[STUDY MATERIAL]

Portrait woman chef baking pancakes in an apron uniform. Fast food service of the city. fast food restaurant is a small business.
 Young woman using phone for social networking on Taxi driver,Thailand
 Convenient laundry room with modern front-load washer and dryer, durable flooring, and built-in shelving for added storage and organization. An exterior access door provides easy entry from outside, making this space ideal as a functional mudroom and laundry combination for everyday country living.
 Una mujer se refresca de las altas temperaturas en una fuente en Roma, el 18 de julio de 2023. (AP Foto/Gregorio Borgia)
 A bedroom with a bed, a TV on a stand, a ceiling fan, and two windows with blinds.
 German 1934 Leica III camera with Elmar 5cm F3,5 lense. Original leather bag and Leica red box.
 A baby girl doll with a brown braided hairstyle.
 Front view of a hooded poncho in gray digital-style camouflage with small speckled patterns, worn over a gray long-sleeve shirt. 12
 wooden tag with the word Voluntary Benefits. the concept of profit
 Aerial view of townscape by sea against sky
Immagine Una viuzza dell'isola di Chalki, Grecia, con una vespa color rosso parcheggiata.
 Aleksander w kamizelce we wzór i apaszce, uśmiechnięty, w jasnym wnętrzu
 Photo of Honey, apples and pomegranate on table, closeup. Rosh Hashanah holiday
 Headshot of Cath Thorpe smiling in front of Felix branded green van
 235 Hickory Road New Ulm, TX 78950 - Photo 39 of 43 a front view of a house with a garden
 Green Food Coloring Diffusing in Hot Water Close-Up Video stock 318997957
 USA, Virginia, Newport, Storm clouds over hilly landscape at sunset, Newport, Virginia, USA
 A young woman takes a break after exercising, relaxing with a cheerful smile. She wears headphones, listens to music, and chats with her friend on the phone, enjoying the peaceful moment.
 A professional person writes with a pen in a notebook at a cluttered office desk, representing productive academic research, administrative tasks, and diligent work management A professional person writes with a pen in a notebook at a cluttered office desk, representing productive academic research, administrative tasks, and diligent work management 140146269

[/STUDY MATERIAL]

Transcribe the entries above so that nothing in them differs from the original.

Portrait woman chef baking pancakes in an apron uniform. Fast food service of the city. fast food restaurant is a small business.
 Young woman using phone for social networking on Taxi driver,Thailand
 Convenient laundry room with modern front-load washer and dryer, durable flooring, and built-in shelving for added storage and organization. An exterior access door provides easy entry from outside, making this space ideal as a functional mudroom and laundry combination for everyday country living.
 Una mujer se refresca de las altas temperaturas en una fuente en Roma, el 18 de julio de 2023. (AP Foto/Gregorio Borgia)
 A bedroom with a bed, a TV on a stand, a ceiling fan, and two windows with blinds.
 German 1934 Leica III camera with Elmar 5cm F3,5 lense. Original leather bag and Leica red box.
 A baby girl doll with a brown braided hairstyle.
 Front view of a hooded poncho in gray digital-style camouflage with small speckled patterns, worn over a gray long-sleeve shirt. 12
 wooden tag with the word Voluntary Benefits. the concept of profit
 Aerial view of townscape by sea against sky
Immagine Una viuzza dell'isola di Chalki, Grecia, con una vespa color rosso parcheggiata.
 Aleksander w kamizelce we wzór i apaszce, uśmiechnięty, w jasnym wnętrzu
 Photo of Honey, apples and pomegranate on table, closeup. Rosh Hashanah holiday
 Headshot of Cath Thorpe smiling in front of Felix branded green van
 235 Hickory Road New Ulm, TX 78950 - Photo 39 of 43 a front view of a house with a garden
 Green Food Coloring Diffusing in Hot Water Close-Up Video stock 318997957
 USA, Virginia, Newport, Storm clouds over hilly landscape at sunset, Newport, Virginia, USA
 A young woman takes a break after exercising, relaxing with a cheerful smile. She wears headphones, listens to music, and chats with her friend on the phone, enjoying the peaceful moment.
 A professional person writes with a pen in a notebook at a cluttered office desk, representing productive academic research, administrative tasks, and diligent work management A professional person writes with a pen in a notebook at a cluttered office desk, representing productive academic research, administrative tasks, and diligent work management 140146269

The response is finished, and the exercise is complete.